2019 South Asia floods
- Date: 12 March - December 2019
- Location: Bangladesh China India Nepal Sri Lanka Afghanistan;
- Cause: Heavy monsoon rains
- Deaths: 2,499
- Injuries: 28
- Missing: 70

= 2019 South Asia floods =

2019 flood event

In mid-March 2019, monsoonal downpours caused widespread flooding and landslides across South Asia.

==Bangladesh==
Heavy rains battered Bangladesh beginning in early July, with the monthly rainfall in Cox's Bazar reaching 585 mm by July 14. Hundreds of makeshift tents collapsed in the Kutupalong and Nayapara refugee camps in Cox's Bazar. At least two children drowned in floods and 40,000 families were affected in the camps. Throughout the Chittagong Division, 200 villages flooded, affecting an estimated 500,000 people. Lightning killed at least 12 people, mostly rural farmers, on 13 July. Cyclone Matmo-Bulbul killed around 25 people in November.

==Afghanistan==
Floods in March killed at least 80 people. The same floods also caused damage in neighbouring Iran. A further 24 people were killed in May., with five more people dying in the next month.

==China==
Heavy rains in Guilin flooded the city; 300 people required rescue. Door-to-door searches were conducted in Xingping Town.

==India==

From June to October, over 2,100 people died in floods across India. The country recorded its heaviest rainfall since 1994. In Assam, flooding along the Himalayan border with Nepal killed at least 14 people and affected approximately 1.5 million people. The Brahmaputra River overtopped its banks in numerous locations, flooding 1,800 villages. The Assam State Disaster Management Authority (ASDMA) stated on 16 July 2019, that flooding had affected 32 of the state's 33 districts, affecting 4.496 million people across 4,620 villages. The ASDMA stated that 19 people had died due to the flooding, including two people killed by landslides, and that over 101,000 people had taken refuge at 226 relief camps and 562 relief distribution centre had been established. Over 90% of Kaziranga National Park was flooded, forcing animals to escape to the hills of Karbi Anglong district. Divisional Forest Officer Rohini B. Saikia stated that two one-horned rhinos and one elephant had drowned in the floods. Thirty animals were rescued and taken to the Centre for Wildlife Rehabilitation and Conservation for treatment.

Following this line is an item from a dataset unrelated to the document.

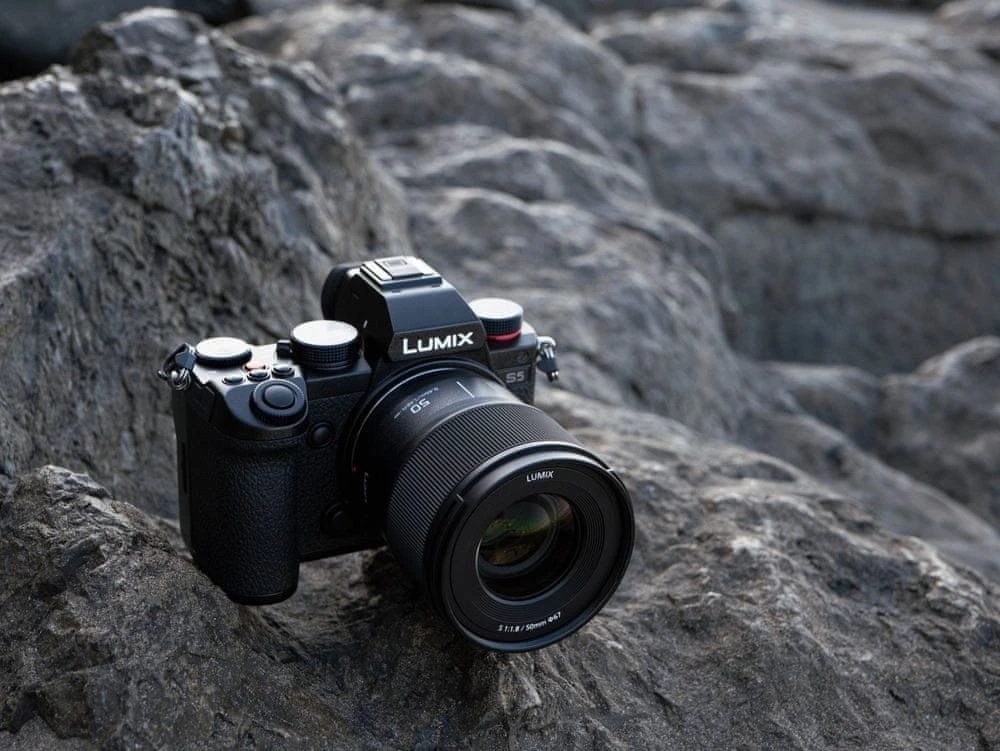Objektyvas „Panasonic LUMIX S 50mm F1.8“ (S-S50)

At least six people died in Arunachal.

==Nepal==
Heavy rains began on 12 July, causing flooding and landslides across Nepal. Rivers quickly eroded embankments and flooded nearby communities, notably along the Karnali, Mohana, Kandra Kanda, and Khutiya rivers. The Koshi river swelled to dangerous levels, threatening the community of Chilaiya. During the overnight of 13–14 July, all 56 gates along the Koshi Barrage were opened, releasing water at 10,505 m^{3} (371,000 ft^{3}) per second. Numerous landslides blocked roads, leaving communities cut off and vehicles stranded. At least 55 people died and 30 others were reported missing. Thirty-three people were treated for injuries. Adverse weather conditions and damaged infrastructure hampered rescue efforts.

At least 1,100 people were rescued and an estimated 10,000 had been displaced from their homes. Nepal police deployed 27,380 personnel nationwide.

==Pakistan==

From February to April 2019, widespread flash flooding affected large parts of Pakistan, most severely in Balochistan, KPK, Punjab, and other provinces. Pakistan had been hit by three major waves of rain and flooding over the course of more than one month. The first wave of rain began on 20 February, leading to flooding in to Khyber and Balochistan, therefore, many villages and several cities had been evacuated, and more than 1,500 families had been rescued alone in Balochistan and many in other states.

==Sri Lanka==
September floods in Sri Lanka were caused by heavy torrential rainfalls during September 2019. As of 26 September 2019; the monsoon floods affected 13 districts, killing at least 2 people, injuring 6 others, and about 116,000 people were affected. One casualty was reported in the Galle District and the other one was reported in Kolonnawa, where a teenager drowned in the flood water. About 282 houses were reported to have been damaged, mainly in Galle and Matara, while about 15% of houses were completely destroyed in the two districts. A red alert was issued to areas which were situated near rivers such as Diyawanna Oya, Nilwala Ganga, Kalu Ganga, and Gin Ganga. Several roads in Galle were inundated due to the overflow of rivers. Colombo, Negombo, and Gampaha were also severely affected due to heavy floods.